Nobody pays me to spend Saturday evening reading neuroscience papers. Nobody asks me to compare fMRI brain scans with classroom practice. Yet I happily spend hours doing both.

That’s when I realised I’d unknowingly become something I had never heard of until last week: a heutagogical learner.

Who is leading the learning?

Only last week, I discovered another new word for my schema. Not a new teaching strategy. Not another education acronym. A word I’d never encountered in almost 35 years of teaching!

Heutagogy.

I’ve spent years understanding pedagogy in my classroom. Only eight years ago, I discovered andragogy, but I had never known there was a third, possibly higher term.

Watch the video below to learn more.

Definitions

  1. Gogy means leader
  2. Pedagogy is a leader of children; how we teach children.
  3. Andragogy is a leader of adults; how adults choose to learn.
  4. Heutagogy is self-directed learning; what happens when curiosity becomes self-sustaining.

Pedagogy

In pedagogy, the teacher has primary responsibility for deciding what is taught, when it is taught and how it is learned. This is entirely appropriate when working with children and novice learners.

Andragogy

Malcolm Knowles argued that adults want learning to be relevant, practical and immediately applicable. Adults still value expert guidance, but they expect to adapt ideas to suit their own context – they don’t want their time wasted!

Heutagogy

The learner drives everything. Nobody tells them to learn. Nobody sets the homework. Nobody checks completion. Learning is fuelled entirely by curiosity.

I am not suggesting teachers should make classrooms heutagogical. I suggest that teachers become heutagogical professionals. For example:

Here is a great resource (pedagogy). I cannot force you to use it. In another context, with ‘how to use these ideas’ made clear, you might like these resources because the implementation plans show you how to translate the ideas, and how you might use them in your context (andragogy).

Imagine you enjoy the ideas shared on TeacherToolkit, particularly anything related to neuroscience. One article leads to a research paper. That paper introduces another author. Soon you’re reading books, listening to podcasts and watching lectures entirely because your curiosity has taken over. Nobody has asked you to do any of this. Nobody is checking your progress. That is heutagogy.

Infographic comparing pedagogy, andragogy and heutagogy, showing the progression from teaching children to adult learning and self-determined learning.
Infographic comparing pedagogy, andragogy and heutagogy, showing the progression from teaching children to adult learning and self-determined learning.

One final thought

Every teacher has a “professional hobby”. Some become fascinated by behaviour, SEND, artificial intelligence, questioning,  curriculum, or maths mastery.

Not because school leaders told them to, or because Ofsted expects it, but because they are genuinely curious, in some cases, it is that curiosity that changes someone’s teaching.

Over time, their curiosity becomes disciplined expertise.

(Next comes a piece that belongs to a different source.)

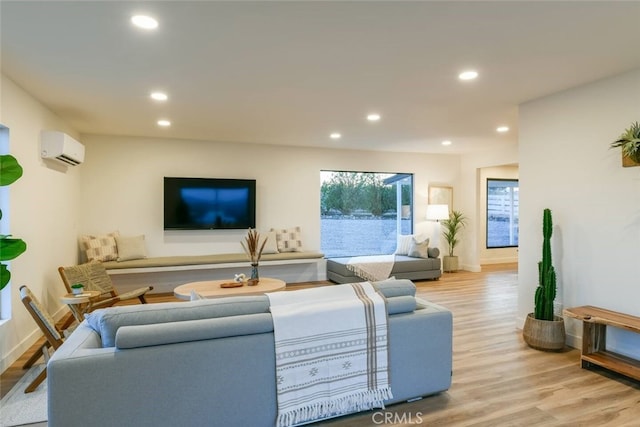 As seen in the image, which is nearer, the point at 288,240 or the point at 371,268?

Expertise isn’t something we acquire simply by being taught everything. At some point, every expert becomes self-directed. The most accomplished teachers I know all have a subject or idea they pursue simply because they want to understand it more deeply. That, perhaps, is the best example I can give you to describe heutagogy.

It’s not common sense, it’s heutagogy – expertise kicking in!

So, whilst this blog hopes to expose you to a new word I have discovered, it isn’t about heutagogy at all. It’s about professional identity. Therefore, the critical question becomes:

What are you learning when nobody is asking you to?

Perhaps the answer says more about your professional identity than your CV ever could?

Looking back over my own career, I can now see that my professional development has followed all three stages.

Pedagogy shaped my classroom practice. Andragogy helped me translate research into my own context. Heutagogy has sustained my curiosity long after any formal qualification ended. Perhaps that’s what expertise really looks like?

Not knowing all the answers, but never losing the desire to keep asking better questions…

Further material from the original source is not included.